そんな私の様子を見て、師は私の名前について尋ねたのだが、無名であることを知ると、『美鈴』という名前を付けていただけたのだ。
師の元で数十年修行した結果、様々な事を学んだ。
師の強さの秘訣、『武術』
様々な流派が存在しており、様々な戦い方がある。
柔と剛、力には柔で対抗して、攻撃を受け流す、時に剛で相手を打ちのめす。
繰り出される洗練された技の応酬にすっかり私は魅了されてしまい、気づけば私は武術にのめりこんでしまった。
武術を極めるうえで必要である精神の修行。
「意識の拳法」たる武術に必要な「気」と「勁」
それらは物の本質を見極め、全ての過程を「意識」しなければ身につくことはない。
そんな『武』の奥深さに私は心惹かれたのだ。
それらを極めていたのはほかでもない人間達だ。
我ら妖怪は何と惜しいことだ。
他にも師は様々な事を教えてくれた。
学を、礼節を、常識を、倫理を。
そして、人間達が住んでいる街へと連れだしてもくれた。
私は妖怪ではあるが、見た目は人間とそう変わりないそうで、妖怪であるということを隠せば、すぐに人間達と打ち解けることができた。

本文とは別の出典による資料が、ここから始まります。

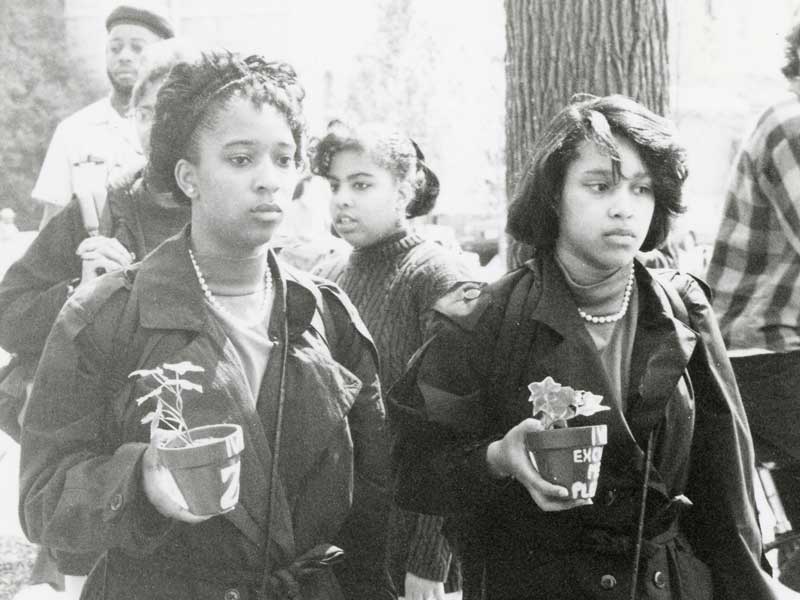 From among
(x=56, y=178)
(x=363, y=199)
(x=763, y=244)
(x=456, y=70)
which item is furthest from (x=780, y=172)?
(x=456, y=70)

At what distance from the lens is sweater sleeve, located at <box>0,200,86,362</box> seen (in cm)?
374

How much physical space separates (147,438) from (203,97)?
2.56ft

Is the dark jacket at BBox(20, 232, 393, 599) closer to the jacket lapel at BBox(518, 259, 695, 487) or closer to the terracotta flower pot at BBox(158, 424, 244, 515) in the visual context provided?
the terracotta flower pot at BBox(158, 424, 244, 515)

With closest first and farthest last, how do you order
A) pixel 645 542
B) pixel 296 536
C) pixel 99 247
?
pixel 296 536 → pixel 645 542 → pixel 99 247

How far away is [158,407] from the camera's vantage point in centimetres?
231

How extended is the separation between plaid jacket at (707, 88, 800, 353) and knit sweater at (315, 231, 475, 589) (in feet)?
3.04

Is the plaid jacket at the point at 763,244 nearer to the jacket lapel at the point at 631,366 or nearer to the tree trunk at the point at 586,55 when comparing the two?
the tree trunk at the point at 586,55

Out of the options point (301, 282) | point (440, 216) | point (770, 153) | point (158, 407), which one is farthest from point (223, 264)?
point (440, 216)

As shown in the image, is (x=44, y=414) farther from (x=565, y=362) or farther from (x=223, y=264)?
(x=565, y=362)

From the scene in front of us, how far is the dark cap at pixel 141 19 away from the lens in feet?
16.7

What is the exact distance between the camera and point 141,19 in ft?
16.7

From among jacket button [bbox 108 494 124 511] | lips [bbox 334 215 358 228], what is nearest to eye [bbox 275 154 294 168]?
jacket button [bbox 108 494 124 511]

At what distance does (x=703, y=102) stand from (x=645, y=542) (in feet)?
106

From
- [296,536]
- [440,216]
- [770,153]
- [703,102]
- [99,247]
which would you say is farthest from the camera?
[703,102] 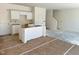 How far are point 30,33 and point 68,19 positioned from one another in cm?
610

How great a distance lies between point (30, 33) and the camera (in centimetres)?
559

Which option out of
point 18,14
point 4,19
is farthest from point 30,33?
point 18,14

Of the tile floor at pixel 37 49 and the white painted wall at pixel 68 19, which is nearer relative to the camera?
the tile floor at pixel 37 49

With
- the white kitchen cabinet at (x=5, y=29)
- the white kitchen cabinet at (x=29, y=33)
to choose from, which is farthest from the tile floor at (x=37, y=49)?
the white kitchen cabinet at (x=5, y=29)

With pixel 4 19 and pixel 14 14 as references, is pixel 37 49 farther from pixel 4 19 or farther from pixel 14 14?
pixel 14 14

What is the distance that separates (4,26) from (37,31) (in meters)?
2.53

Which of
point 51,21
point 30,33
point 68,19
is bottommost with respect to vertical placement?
point 30,33

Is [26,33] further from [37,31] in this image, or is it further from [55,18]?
[55,18]

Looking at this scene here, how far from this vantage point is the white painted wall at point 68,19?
986 cm

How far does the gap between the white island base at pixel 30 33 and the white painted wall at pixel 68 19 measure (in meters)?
4.43

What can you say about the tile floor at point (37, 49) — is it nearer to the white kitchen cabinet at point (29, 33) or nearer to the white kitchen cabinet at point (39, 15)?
the white kitchen cabinet at point (29, 33)

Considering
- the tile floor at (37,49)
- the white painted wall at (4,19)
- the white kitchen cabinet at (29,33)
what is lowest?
the tile floor at (37,49)

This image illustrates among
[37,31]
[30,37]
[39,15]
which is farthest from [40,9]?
[30,37]

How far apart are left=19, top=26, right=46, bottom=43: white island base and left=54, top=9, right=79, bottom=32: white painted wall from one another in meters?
4.43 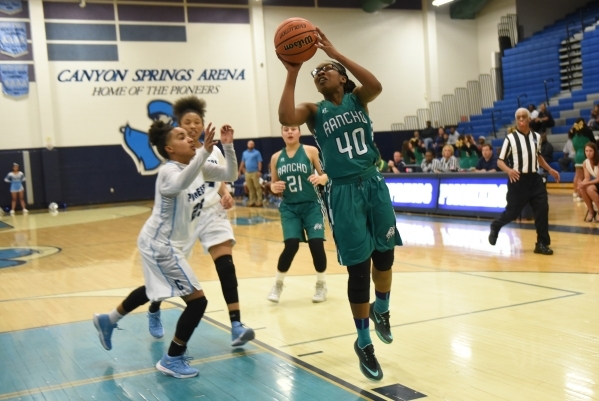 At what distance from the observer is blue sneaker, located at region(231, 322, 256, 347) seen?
5.17 metres

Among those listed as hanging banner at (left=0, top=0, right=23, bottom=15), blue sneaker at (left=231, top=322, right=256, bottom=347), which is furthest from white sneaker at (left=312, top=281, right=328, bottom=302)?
hanging banner at (left=0, top=0, right=23, bottom=15)

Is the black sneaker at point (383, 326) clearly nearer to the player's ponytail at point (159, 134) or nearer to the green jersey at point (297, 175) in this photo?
the player's ponytail at point (159, 134)

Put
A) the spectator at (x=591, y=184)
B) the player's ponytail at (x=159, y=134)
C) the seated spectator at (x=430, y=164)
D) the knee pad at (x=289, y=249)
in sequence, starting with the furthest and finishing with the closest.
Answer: the seated spectator at (x=430, y=164)
the spectator at (x=591, y=184)
the knee pad at (x=289, y=249)
the player's ponytail at (x=159, y=134)

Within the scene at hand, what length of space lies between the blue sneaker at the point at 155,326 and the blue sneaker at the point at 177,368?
3.27ft

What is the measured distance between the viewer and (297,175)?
6781 millimetres

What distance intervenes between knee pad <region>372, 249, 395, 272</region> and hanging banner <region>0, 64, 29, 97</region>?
68.9 feet

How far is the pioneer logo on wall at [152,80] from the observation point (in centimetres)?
2400

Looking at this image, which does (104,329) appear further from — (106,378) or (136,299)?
(106,378)

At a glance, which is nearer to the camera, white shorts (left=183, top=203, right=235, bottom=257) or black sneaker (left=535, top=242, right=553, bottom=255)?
white shorts (left=183, top=203, right=235, bottom=257)

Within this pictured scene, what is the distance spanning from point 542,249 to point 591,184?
3.16 m

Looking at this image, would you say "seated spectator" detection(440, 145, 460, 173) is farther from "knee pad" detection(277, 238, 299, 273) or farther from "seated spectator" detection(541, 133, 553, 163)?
"knee pad" detection(277, 238, 299, 273)

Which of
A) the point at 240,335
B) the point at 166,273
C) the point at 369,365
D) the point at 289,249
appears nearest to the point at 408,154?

人間達と触れ合うことで、私は人間に対する認識を改めた。
よもや、弱いだけの存在ではない、独自に文明を築き上げ、今もなお進化を遂げている存在なのだと。
師に弟子入りしてから数十年。
師も、年には勝てず、私を残して死んでしまわれた。
私を娘の様に扱っており、私にとっても世の全てを教えてくれたといっても過言ではない偉大な父であった。

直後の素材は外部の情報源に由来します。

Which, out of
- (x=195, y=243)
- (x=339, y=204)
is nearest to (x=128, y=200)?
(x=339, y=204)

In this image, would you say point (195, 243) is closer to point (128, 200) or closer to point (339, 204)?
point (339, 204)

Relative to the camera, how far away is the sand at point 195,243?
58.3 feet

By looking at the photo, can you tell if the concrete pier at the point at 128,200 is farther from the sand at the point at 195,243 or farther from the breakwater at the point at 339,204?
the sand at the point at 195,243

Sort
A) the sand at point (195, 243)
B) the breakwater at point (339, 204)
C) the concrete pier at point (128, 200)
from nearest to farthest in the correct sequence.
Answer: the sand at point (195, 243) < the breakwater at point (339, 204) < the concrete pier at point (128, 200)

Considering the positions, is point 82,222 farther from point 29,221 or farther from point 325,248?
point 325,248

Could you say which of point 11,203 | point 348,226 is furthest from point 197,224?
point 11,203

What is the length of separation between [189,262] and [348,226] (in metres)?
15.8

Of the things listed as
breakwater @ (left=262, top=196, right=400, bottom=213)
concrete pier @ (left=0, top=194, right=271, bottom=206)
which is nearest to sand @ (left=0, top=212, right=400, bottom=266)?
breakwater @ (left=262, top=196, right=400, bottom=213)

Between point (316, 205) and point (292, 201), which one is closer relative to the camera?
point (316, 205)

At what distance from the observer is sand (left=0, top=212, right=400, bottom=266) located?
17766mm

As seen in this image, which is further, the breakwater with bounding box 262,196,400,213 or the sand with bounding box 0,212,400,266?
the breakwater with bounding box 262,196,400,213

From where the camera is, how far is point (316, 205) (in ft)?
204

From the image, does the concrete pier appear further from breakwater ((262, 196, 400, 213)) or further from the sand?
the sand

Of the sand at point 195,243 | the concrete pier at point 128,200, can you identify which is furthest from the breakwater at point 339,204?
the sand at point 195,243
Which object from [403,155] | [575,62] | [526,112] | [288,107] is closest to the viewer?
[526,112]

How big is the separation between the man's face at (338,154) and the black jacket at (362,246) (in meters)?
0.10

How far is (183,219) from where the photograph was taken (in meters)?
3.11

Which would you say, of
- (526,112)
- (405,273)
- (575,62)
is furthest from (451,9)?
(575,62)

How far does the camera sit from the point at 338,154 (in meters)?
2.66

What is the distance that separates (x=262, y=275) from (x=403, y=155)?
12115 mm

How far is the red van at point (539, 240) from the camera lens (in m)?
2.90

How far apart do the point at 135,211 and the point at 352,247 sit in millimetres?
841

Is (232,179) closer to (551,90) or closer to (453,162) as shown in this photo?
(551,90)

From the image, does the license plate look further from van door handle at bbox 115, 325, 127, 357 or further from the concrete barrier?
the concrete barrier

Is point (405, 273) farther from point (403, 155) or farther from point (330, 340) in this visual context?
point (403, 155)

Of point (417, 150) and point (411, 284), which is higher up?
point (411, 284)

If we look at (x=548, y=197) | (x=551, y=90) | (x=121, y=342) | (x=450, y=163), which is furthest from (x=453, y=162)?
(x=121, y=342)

その後の私は、さらなる高みへと昇り詰めるため、他の流派や拳法等の門戸を叩き、教えを請うた。
時に妖怪であることを悟られないために山などに何十年か修行と称して籠ったり、他の妖怪と手合わせしたり、髪型を変えたり、男装をしたりとそんなことを数百年もの年月続けていた。
そして、今現在。
様々な武を極め、達人の域まで到達した私を待ち受けたのは、強敵や好敵手が一人もいない実に空虚な生活だった。

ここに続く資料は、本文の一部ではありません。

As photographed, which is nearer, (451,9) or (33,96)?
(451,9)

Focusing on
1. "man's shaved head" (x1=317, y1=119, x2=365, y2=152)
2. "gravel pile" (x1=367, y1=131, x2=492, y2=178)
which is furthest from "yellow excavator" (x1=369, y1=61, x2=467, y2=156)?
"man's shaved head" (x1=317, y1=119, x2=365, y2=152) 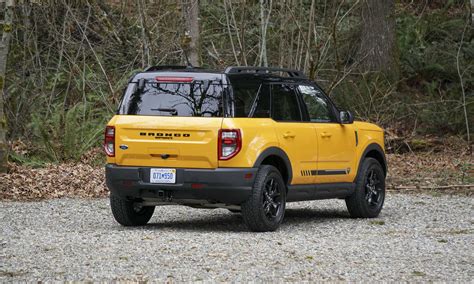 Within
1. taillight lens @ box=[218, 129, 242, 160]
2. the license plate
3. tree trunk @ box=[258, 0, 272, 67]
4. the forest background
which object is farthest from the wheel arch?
tree trunk @ box=[258, 0, 272, 67]

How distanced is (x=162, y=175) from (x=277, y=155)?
1.42 metres

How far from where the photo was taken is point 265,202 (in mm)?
12258

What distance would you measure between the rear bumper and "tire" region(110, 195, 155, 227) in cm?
53

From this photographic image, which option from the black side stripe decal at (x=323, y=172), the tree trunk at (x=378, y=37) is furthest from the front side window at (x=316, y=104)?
the tree trunk at (x=378, y=37)

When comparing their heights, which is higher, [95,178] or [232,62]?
[232,62]

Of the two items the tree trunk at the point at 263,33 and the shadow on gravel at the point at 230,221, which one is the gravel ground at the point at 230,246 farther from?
the tree trunk at the point at 263,33

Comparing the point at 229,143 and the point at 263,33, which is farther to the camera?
the point at 263,33

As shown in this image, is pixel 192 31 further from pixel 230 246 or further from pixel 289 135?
pixel 230 246

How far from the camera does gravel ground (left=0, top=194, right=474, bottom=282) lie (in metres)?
8.95

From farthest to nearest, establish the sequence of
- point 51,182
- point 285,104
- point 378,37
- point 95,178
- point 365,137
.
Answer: point 378,37
point 95,178
point 51,182
point 365,137
point 285,104

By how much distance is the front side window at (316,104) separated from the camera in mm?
13453

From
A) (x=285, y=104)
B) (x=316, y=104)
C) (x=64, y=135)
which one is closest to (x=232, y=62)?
(x=64, y=135)

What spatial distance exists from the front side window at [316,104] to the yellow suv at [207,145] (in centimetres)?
43

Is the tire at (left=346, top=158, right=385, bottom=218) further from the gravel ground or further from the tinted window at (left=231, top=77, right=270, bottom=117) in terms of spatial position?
the tinted window at (left=231, top=77, right=270, bottom=117) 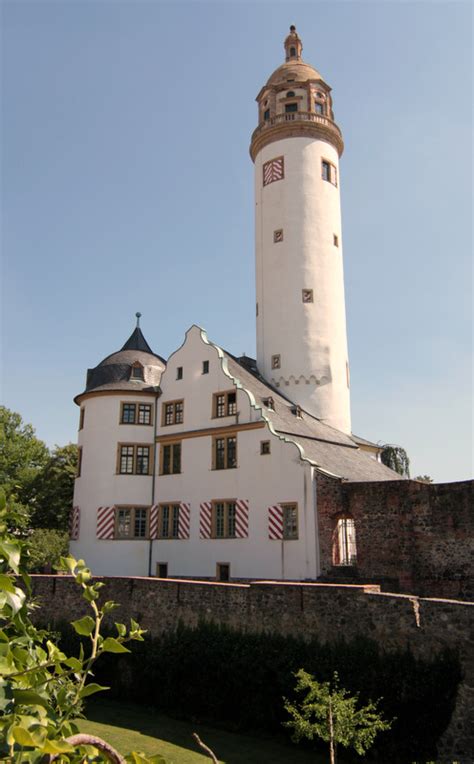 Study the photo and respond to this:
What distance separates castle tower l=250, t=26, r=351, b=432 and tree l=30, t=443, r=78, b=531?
13497 mm

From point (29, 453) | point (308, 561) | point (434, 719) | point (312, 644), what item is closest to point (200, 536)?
point (308, 561)

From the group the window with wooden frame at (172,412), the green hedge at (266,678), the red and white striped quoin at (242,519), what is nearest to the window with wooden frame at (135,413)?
the window with wooden frame at (172,412)

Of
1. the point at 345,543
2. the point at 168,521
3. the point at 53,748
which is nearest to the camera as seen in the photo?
the point at 53,748

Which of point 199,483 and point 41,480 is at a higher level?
point 41,480

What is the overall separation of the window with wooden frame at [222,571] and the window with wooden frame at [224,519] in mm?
1034

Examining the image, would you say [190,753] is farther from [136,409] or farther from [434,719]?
[136,409]

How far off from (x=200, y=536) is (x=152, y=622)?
582 centimetres

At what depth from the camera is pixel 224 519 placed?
2573 cm

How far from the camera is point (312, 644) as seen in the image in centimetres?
1698

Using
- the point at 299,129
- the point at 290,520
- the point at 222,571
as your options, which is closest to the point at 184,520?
the point at 222,571

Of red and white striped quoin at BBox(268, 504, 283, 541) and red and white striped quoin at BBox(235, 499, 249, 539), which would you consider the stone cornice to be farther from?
red and white striped quoin at BBox(268, 504, 283, 541)

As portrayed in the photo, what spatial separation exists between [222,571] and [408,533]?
770 cm

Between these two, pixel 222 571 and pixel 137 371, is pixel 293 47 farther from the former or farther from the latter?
pixel 222 571

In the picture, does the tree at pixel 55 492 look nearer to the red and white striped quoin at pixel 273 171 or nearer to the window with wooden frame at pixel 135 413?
the window with wooden frame at pixel 135 413
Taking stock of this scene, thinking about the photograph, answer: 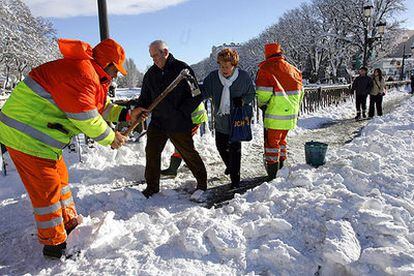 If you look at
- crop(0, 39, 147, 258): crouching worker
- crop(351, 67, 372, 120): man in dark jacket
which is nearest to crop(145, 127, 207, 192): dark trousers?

妖怪の身体能力と運動能力、そして人間である師から学んだ柔と剛を意識の武術。 そして、『気』
全てが備わった私には、よもや敵などいなかった。
さらなる高みに登れず、焦燥しきった私は、手当たり次第に腕に覚えのある拳法家や、妖怪と手合わせしてきたが、それでも足りない。
もはやここには私の敵はいないのではないか。
そう考えた私はついに西へ向かうことを決めた。東は海であったので、陸続きであろう西へ向かうことにする。
西には私と対等、もしくは超えるような強敵がいることを願って。
そこで、私は、人生の転機が訪れることになる。
紅魔館の主、レミリア・スカーレットの存在である。